Robert Ashley, That Morning Thing, 2011. Photo: Paula Court. Courtesy of Performa.
‘Language, translation and misinterpretation’, the catch-all research theme chosen as a rallying point for Performa 11, would alone have justified the inclusion of Robert Ashley’s experimental 1967 opera That Morning Thing (curated by Mark Beasley) in this iteration of the performance art biennial. The work explicitly concerns itself with the question of language and rival, non-verbal modes of communication. Its three acts followed by an epilogue vividly – all too vividly at times – illustrate the initial mock-lecture, delivered by narrator John Hagan in the guise of The Speaker (presumably speaking for the composer), on how language, spoken and written, risks to be superseded in daily exchanges by different forms of communication, altogether more brutal.
Even before the dystopian vision conjured by The Speaker and the traumatic account that followed, the staging of the opening scene and the uncanny atmosphere put me in mind of J. M. Coetzee’s novel Waiting for the Barbarians (1980), not least in its sci-fi overtones. Sitting far apart with their backs to the audience, a woman and a man of a certain age faced a neat row of men – presiding in their midst like a magistrate at a trial was The Speaker – flanked on each side by expressionless young women sporting cream-coloured gowns, matching heels and black goggles with protruding orange lenses – a surreal touch that gave the women who wore them an inhuman insect-like appearance. Specially designed and made by James Lo, the glasses would light up comically and flash every time the women came together to form duos and turned their blank stares the spectators’ way.
The female dancers who, thus strangely attired, stood for the titular ‘Frogs’ in Act I, advanced towards each other with measured steps, palms raised and facing outwards, occasionally rotating and shifting direction in a succession of pedestrian movements reminiscent of Trisha Brown’s choreography, as the male chorus repeatedly counted to four over recorded frog sounds. In David Moodey’s stylish lighting design – made to complement the acoustic environment – leafy patterns that evoked Italian brocade for me were projected as shadows onto walls and the floor in The Kitchen’s otherwise spartan theatre.

Robert Ashley, That Morning Thing, 2011. Featuring Fast Forward. Photo: Paula Court. Courtesy of Performa.

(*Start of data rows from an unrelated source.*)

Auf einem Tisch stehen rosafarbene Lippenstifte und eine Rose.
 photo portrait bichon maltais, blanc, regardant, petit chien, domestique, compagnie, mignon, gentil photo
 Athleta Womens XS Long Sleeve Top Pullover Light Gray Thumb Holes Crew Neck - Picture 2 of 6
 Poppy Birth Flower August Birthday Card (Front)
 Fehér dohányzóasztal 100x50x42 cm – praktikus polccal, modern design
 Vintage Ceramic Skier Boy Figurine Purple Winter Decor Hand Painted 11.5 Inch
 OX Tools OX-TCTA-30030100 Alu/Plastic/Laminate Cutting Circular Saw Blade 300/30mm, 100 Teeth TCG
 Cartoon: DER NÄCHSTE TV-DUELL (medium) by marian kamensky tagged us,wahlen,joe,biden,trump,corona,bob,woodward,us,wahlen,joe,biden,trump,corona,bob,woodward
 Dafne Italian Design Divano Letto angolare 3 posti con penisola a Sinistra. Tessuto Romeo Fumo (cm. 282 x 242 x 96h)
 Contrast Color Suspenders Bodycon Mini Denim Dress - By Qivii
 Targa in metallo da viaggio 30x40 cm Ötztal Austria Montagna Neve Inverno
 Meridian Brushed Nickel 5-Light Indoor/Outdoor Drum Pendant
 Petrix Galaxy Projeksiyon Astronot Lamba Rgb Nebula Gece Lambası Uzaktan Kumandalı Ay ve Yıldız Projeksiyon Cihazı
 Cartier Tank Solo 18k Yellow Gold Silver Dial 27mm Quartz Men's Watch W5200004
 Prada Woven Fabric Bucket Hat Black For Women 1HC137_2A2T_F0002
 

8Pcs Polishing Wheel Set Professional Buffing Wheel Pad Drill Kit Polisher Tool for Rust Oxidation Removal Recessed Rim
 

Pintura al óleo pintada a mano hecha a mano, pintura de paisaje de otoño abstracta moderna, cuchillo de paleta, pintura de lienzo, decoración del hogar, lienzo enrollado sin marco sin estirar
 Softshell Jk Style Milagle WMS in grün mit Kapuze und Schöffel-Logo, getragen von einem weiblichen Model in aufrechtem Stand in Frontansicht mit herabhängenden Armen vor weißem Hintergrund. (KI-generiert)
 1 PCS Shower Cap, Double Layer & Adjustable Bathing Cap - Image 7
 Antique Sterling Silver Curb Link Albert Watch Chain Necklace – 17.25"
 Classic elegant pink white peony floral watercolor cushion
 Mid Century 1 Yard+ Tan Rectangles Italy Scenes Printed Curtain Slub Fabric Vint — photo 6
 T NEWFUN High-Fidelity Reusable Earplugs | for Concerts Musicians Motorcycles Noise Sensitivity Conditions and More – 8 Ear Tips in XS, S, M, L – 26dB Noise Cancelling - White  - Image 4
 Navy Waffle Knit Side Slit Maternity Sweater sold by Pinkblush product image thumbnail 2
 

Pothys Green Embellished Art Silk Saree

The first of Ashley’s operatic works to dispense with a linear narrative, That Morning Thing consists of a series of discrete parts loosely strung together – despite the deceptively reassuring three-act structure followed by a coda, that suggests some sort of progression leading towards a final resolution. What we get instead, pointing to a modernist aesthetic sensibility, is a collection of fragments that seemingly do not add up. Yet formal and thematic echoes help make sense of the work even if we are left to speculate as to its meaning. A passing remark made by The Speaker in Act I – ‘Why is it that it is so difficult to remember sometimes, but so easy to forget? Yet when you really want to forget, it is so excruciatingly impossible.’ – foreshadowed and possibly commented on the graphic taped account, punctuated with ‘I remember’ or words to that effect, of a sexual assault (or merely an encounter?) in ‘Purposeful Lady Slow Afternoon’ (Act II). The dancer Kimberley Bartosik listlessly struck a series of poses with her gaunt body and turned over a deck of giant cards, one by one, as the recording played itself out.
What is ‘that morning thing’? And who is the visitor in ‘She was a visitor’, repeated, pondered, interpreted for us again and again by the speaker-narrator in the Epilogue, until the phrase was broken down into its component parts by the female chorus who took place amid the audience and gently encouraged us to echo for one full breath the sound of individual phonemes chosen at random from this four word score? Does she bear any relation to the ‘Purposeful Lady’, she in the gruelling recording, or is she one of the women in the ‘Four Ways’ (Act III) assailing actor/director Fast Forward with questions someone visiting New York for the first time might conceivably ask – ‘Where is Columbus Circle? … Where can I find a good Chinese restaurant? … Where is Little Italy? Why is it called “little”?’ – as if to illustrate the starting thesis that language has ‘little or no meaning, being only part of a larger and more complex gesture’? Besides hints and guesses, hints followed by guesses, what lingers on is the distinctive cadence of Ashley’s words, tottering on the divide between speech and song, poetry and prose.